32-bit *programs* are a separate issue. For openers, the software that controls my excellent audio interface will stop working on Catalina, so I'd have a choice between a $500 upgrade card for the interface or abandoning it.

(Personal aside: I absolutely don't want to *complain* that Metric Halo offers an upgrade card for the 2882, because I applaud them for continuing to support their products after 19 years. They're a really good company and the interface has been a great investment. But it's still a 19-year-old interface that sells for $1800 new, and $500 isn't a trivial amount of money.)


----------



## Wunderhorn (Aug 8, 2019)

Drivers for older MOTU audio interfaces may not work either. According to MOTU, further support is not guaranteed.


----------



## seclusion3 (Aug 8, 2019)

Yes’m there are lots of things that currently won’t work.
I get warnings in Mojave for Presonus Quantum, Roland usb midi, Yamaha CP4 usb midl and some other essential gear. Usually I’m goofing with a beta Os on an external drive just to see if it’s ok. I’ve not done so until I know If there’s a work around with $, I’ll hold tight.


----------



## Nick Batzdorf (Aug 8, 2019)

seclusion3 said:


> Yes’m there are lots of things that currently won’t work.
> I get warnings in Mojave for Presonus Quantum, Roland usb midi, Yamaha CP4 usb midl and some other essential gear. Usually I’m goofing with a beta Os on an external drive just to see if it’s ok. I’ve not done so until I know If there’s a work around with $, I’ll hold tight.

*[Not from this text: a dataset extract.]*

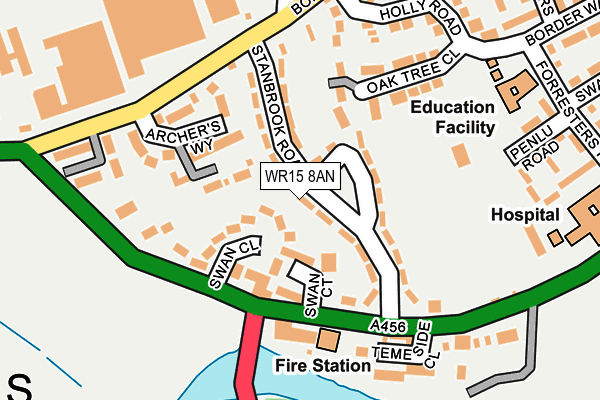 WR15 8AN map - OS OpenMap – Local (Ordnance Survey)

You're getting *warnings* now.

That doesn't mean there can't be other reasons those things aren't working anymore, of course, but Mojave does still support 32-bit programs.


----------



## synthetic (Aug 10, 2019)

Just glancing at legacy software, it will kill my Lemur Daemon, my old copy of Sibelius, Microsoft Office, Vienna Ensemble Pro, bunch of other stuff. Do not be first in line to upgrade to this OS.


----------



## storyteller (Aug 10, 2019)

Nick Batzdorf said:


> You're getting *warnings* now.
> 
> That doesn't mean there can't be other reasons those things aren't working anymore, of course, but Mojave does still support 32-bit programs.

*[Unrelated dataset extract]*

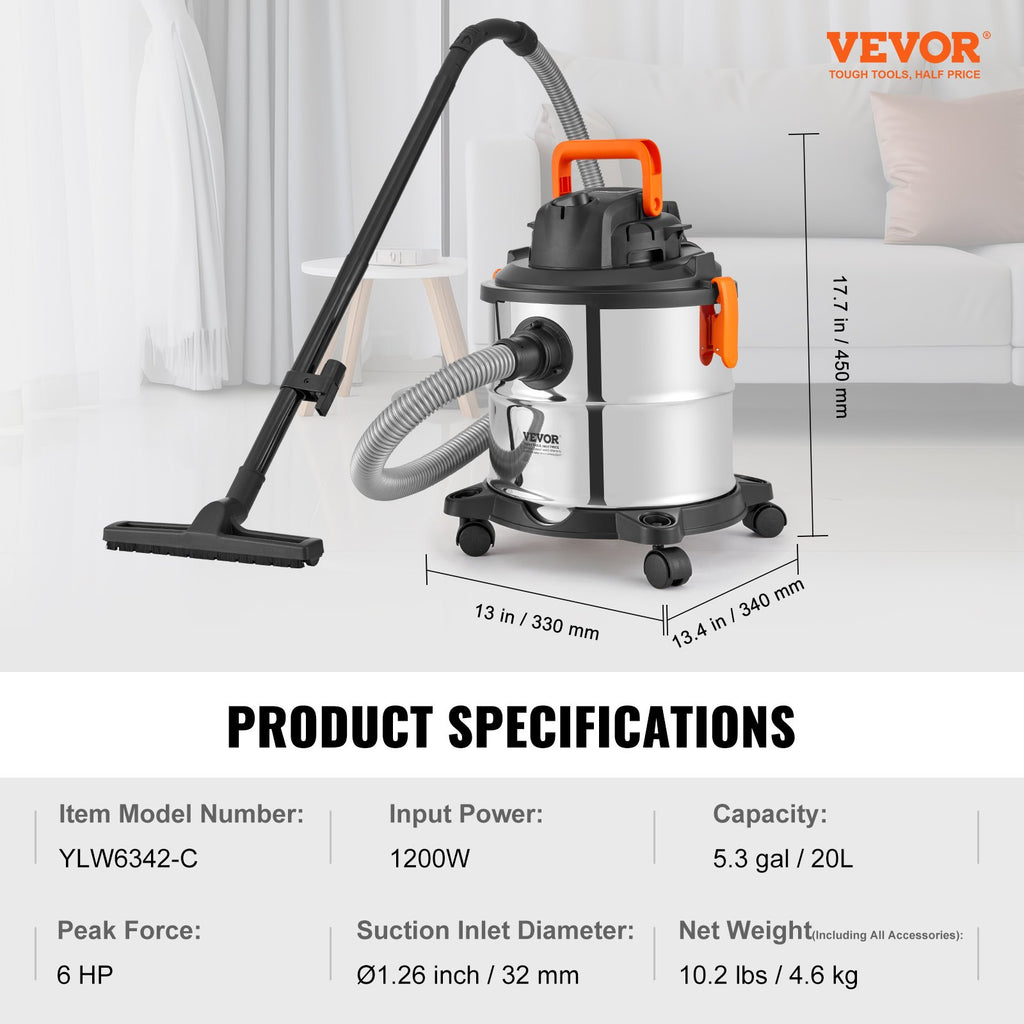 Drėgno ir sauso valymo siurblys VEVOR YLW6342-C, 20 l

I’ve also learned from other devs that some of the warnings are due to software being both 32-bit and 64-bit in the same package and doesn’t actually mean it won’t run in Catalina. Just thought I’d throw that out there.


----------



## Dewdman42 (Aug 10, 2019)

A mac application bundle is actually a folder full of stuff and there could be multiple binaries inside, the main binary that normally launches but sometimes extra helper programs and stuff that the main application may try to launch as separate processes. In all cases, if any of the executable binaries are 32bit, then the program may be broken in some way, even if the main app launches, if it tries to use the internal binary for some reason and it can't launch it, then the program will be broken at that point.

The utility that has been mentioned on this thread will look inside application bundles to find these extra hidden binaries that might exist, so its a little more complete then just using the About This Mac to find out.

Bottom line, if anything is reported, then be concerned if the application, driver, helper, installer or whatever it is...matters to you. In such a case, contact the manufacturer to find out if they are going to release fully 64bit compliant software.


----------



## Nick Batzdorf (Aug 10, 2019)

All I need to know is that my audio interface's software breaks.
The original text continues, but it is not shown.